Networked Learning and Higher Education

In the article (Networked Learning as Experiential Learning), Gardner Campbell believes that George Kuh missed a very important form of experiential learning in his monograph. Indeed, it is true that networked learning in the form of online technologies is a handy and emerging tool for the students.  As Gardner points out, it is not only about learning apps, social media, and the web but about learning the organizing principles of networked learning. Digital libraries and electronic journals are some examples of the experiential nature of the cyberspace.

Nowadays, it has become easier for students to network with other professionals across the globe. Social media platforms like Facebook, Flickr, Twitter,, ResearchGate and, Linkedin make it possible for an emerging student researcher to share work. According to Tim Hitchcock in his article (Twitter and Blogs ), blogging and tweeting regularly helps to spread your work to an eager audience who sometimes like it and sometimes critic it. A healthy debate and discussion are always fruitful – it might lead to finding collaborators for your research work.

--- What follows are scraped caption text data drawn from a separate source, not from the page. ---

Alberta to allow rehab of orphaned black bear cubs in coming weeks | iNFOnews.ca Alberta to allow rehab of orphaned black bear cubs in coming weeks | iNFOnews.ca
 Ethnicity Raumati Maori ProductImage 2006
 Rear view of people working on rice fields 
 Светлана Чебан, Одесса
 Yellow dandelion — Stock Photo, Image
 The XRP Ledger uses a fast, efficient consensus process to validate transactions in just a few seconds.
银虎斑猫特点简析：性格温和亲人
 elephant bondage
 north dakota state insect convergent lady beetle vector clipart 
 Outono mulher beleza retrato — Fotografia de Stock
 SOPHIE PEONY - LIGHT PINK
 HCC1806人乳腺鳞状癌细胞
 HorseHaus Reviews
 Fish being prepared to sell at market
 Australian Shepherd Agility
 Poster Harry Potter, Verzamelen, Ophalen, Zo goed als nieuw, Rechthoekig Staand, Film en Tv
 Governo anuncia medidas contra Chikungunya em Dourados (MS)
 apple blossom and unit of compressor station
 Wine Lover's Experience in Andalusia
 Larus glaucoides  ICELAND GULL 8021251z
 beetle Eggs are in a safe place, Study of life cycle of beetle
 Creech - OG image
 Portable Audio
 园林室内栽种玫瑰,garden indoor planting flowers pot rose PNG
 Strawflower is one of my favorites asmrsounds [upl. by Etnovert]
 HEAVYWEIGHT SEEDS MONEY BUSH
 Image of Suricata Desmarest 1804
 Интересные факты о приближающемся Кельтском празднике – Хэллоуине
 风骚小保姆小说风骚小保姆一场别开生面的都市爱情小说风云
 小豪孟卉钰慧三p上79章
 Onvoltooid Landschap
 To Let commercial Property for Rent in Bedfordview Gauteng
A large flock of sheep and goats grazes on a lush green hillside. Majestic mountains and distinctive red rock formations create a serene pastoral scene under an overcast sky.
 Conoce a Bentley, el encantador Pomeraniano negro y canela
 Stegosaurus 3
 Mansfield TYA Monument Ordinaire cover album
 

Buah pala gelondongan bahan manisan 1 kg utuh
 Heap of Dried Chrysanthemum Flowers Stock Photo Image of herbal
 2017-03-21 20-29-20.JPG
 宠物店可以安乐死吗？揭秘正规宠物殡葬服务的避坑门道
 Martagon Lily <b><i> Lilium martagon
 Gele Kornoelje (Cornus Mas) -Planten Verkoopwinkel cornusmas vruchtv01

Martha Stone in the article (Unleashing the Power of Networked Learning ) poses some good questions on this hot topic. She says, “The educational design of any course in higher education institution has not changed much in the past few years, so what has changed?”.  She goes on to answer that “The top-down, center-out approach to traditional education is dramatically diminished. Learner-generated, informal interactions, short messages, and nonverbal media are the norm in these networked learning situations”.

I think the students are accepting the norms of Networked Learning in Higher Education and it is high time that the teachers, education administrators and course designers understand and incorporate this. What do you think about Networked Learning in Higher Education? Are there any changes? Are we going in the right direction?